> **ABOUT THIS TASK**
Determine how many lines of the listing below hold the string "Truck". Reply only with the number.

> **TASK INPUT**
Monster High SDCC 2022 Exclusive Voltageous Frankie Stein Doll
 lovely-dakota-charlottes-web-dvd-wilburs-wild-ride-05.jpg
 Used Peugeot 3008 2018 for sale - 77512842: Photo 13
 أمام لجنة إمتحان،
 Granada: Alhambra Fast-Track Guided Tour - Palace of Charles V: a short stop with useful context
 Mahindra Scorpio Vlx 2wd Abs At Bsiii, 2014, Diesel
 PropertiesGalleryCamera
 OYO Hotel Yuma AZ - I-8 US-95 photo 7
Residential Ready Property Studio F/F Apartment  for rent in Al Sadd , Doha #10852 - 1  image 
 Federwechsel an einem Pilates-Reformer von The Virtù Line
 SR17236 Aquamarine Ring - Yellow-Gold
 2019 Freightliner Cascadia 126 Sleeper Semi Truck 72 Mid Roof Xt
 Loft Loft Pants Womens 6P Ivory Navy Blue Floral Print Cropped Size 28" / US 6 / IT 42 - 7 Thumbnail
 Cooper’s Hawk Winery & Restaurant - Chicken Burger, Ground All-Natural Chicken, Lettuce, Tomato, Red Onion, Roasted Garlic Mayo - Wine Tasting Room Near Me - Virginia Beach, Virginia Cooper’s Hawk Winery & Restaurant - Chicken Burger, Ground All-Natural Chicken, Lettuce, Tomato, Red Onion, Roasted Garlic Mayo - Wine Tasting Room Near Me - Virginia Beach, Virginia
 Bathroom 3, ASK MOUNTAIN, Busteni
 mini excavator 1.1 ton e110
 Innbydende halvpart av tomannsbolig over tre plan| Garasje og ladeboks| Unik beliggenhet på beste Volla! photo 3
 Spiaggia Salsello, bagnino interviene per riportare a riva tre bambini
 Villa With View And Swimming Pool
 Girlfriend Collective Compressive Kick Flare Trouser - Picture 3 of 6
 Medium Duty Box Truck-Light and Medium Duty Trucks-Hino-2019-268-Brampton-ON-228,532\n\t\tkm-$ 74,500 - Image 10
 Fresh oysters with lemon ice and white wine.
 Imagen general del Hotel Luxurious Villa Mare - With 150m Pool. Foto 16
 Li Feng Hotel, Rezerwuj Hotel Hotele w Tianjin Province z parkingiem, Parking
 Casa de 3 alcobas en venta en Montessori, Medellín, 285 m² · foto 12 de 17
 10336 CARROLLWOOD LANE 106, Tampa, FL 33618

> **ANSWER BELOW**
2